The significant increase in the gas limit this time is mainly aimed at blob transactions. A blob is a new type of data structure introduced by EIP-4844 (also known as Proto-Danksharding), specifically designed for Layer 2 rollups. Layer 2 solutions need to submit a large amount of transaction data to the Ethereum mainnet to ensure security, and blobs provide a cheaper way to publish data compared to traditional calldata.

The expected blob capacity will rapidly double. The current target number of blobs per block on Ethereum is 3, with a maximum capacity of 6. After the Fusaka upgrade, combined with the increase in gas limits and the support of PeerDAS technology, the blob capacity is expected to double or even more. This will directly reduce the operating costs of Layer 2 networks, ultimately allowing end users to enjoy lower transaction fees.

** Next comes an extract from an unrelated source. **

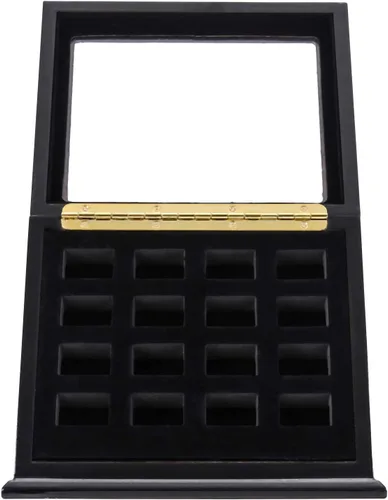 Vista 2 de Vitrina de anillo de campeonato, caja de madera para anillos deportivos (16 ranuras, inclinada, negro)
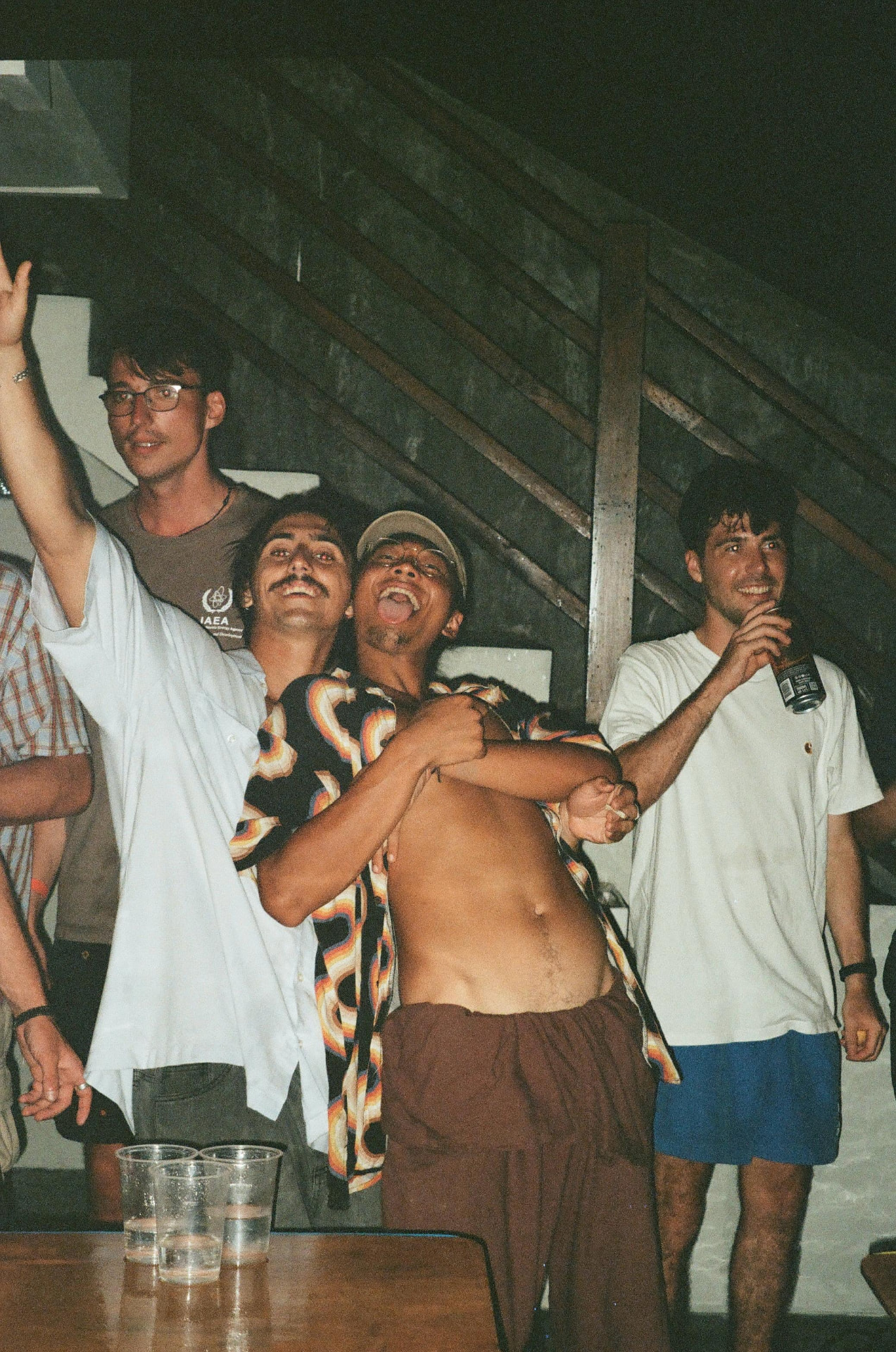Camp crew celebrating together after a day in the water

From a technical perspective, increasing the gas limit requires careful balancing. The higher the limit, the longer the block processing time, which may increase the uncle block rate and network latency. Ethereum developers have confirmed through extensive simulations and testing that a gas limit of 150 million is safe and feasible under current network conditions. This is also thanks to the continuous optimization of client software over the past few years, enabling nodes to process larger blocks more efficiently.

2 million USD audit competition ensures security

Last month, the non-profit organization Ethereum Foundation launched a four-week audit competition for Fusaka, offering rewards of up to $2 million for security researchers who discover vulnerabilities before the Hard Fork reaches the Mainnet. This public bug bounty program is an important component of Ethereum's security strategy, mobilizing global security experts to participate in code reviews through economic incentives.

The $2 million bounty pool demonstrates the Ethereum Foundation's commitment to security. Bounties range from thousands to hundreds of thousands of dollars depending on the severity of the vulnerabilities. The highest level “Critical” vulnerabilities (which could lead to fund loss or network downtime) can receive the highest rewards. This tiered reward mechanism encourages researchers to dig deeper rather than just report surface issues.

The audit competition is conducted in an open and transparent manner, with participating security researchers from around the world, including professional audit firms, independent security experts, and white-hat hackers. During the competition, researchers can access the complete codebase and testing environment of Fusaka to simulate various attack scenarios. Discovered vulnerabilities will be reported confidentially to the Ethereum Foundation and will only be publicly disclosed after they have been fixed.

This proactive defense security strategy is far more effective than passively waiting for an attack to patch afterward. As a public chain managing hundreds of billions of dollars in assets, any security vulnerability in Ethereum could lead to catastrophic consequences. Through auditing competitions, Ethereum can not only identify technical vulnerabilities but also recognize potential economic attack vectors and governance risks.

Deep Impact on the Ethereum Ecosystem

The impact of the Fusaka upgrade on the Ethereum ecosystem is multi-layered. For the base chain, the PeerDAS technology and the increase in gas limits lay the groundwork for future expansion. These improvements are not the endpoint, but rather an important milestone towards full sharding (Full Danksharding).

For Layer 2 ecosystems, doubling the blob capacity means a significant reduction in operational costs. Mainstream Layer 2 networks like Arbitrum, Optimism, and zkSync heavily rely on blobs to publish transaction data. Cheaper data availability will directly translate to lower user transaction fees, enhancing the competitiveness and adoption rate of Layer 2.

For validators, PeerDAS reduces the hardware requirements for running nodes, which helps maintain the decentralized nature of Ethereum. Decentralization is the fundamental guarantee of blockchain security; if the threshold for validators is set too high, it could lead to the concentration of validation power in the hands of a few large institutions, threatening the network's censorship resistance.